Source data below:

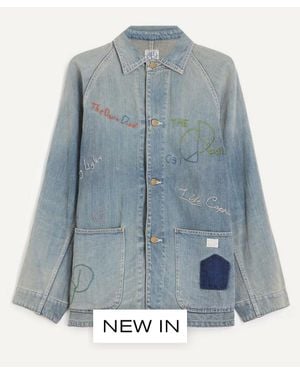 Kapital Cactus Coverall Pro Jacket - Blue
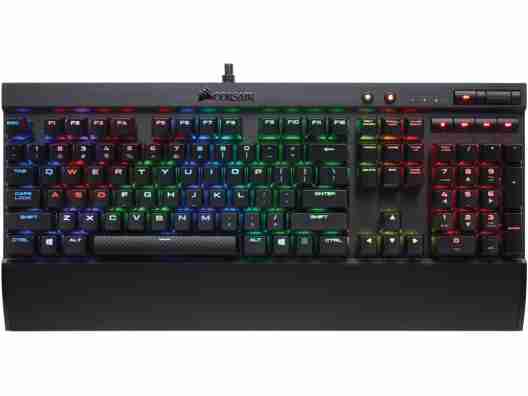 Клавиатура Corsair K70 Lux Cherry MX Red (CH-9101020-RU) USB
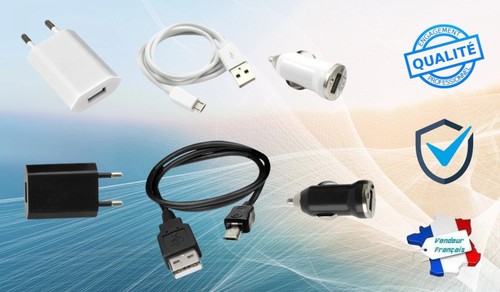 Chargeur secteur voiture - chargeur, +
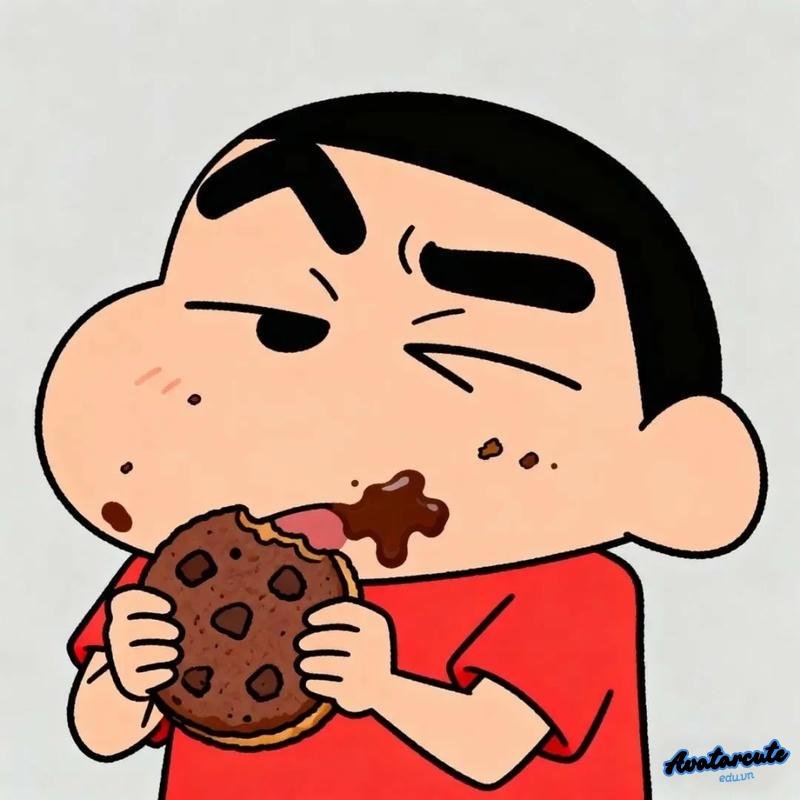 Loạt avatar shin cute đẹp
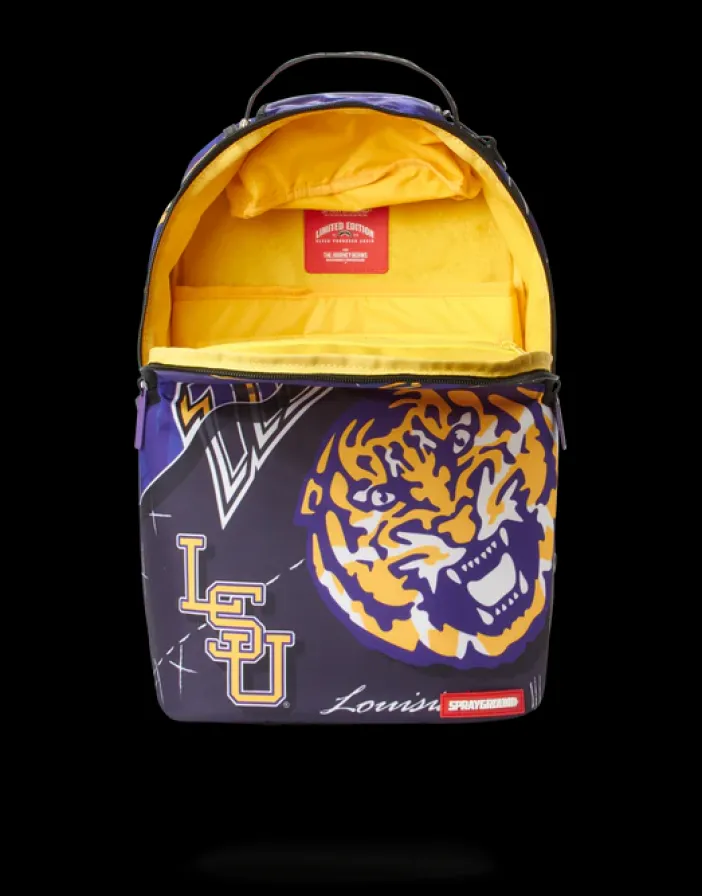 LSU BIG STYLE BACKPACK>SPRAYGROUND Sale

End of Source data.

Task to complete: Your answer must be the lines from the line containing "Loạt avatar shin cute đẹp" through the final line of the data, written out exactly, both ends included and pictures left out.

Output of the exercise:
 Loạt avatar shin cute đẹp
 LSU BIG STYLE BACKPACK>SPRAYGROUND Sale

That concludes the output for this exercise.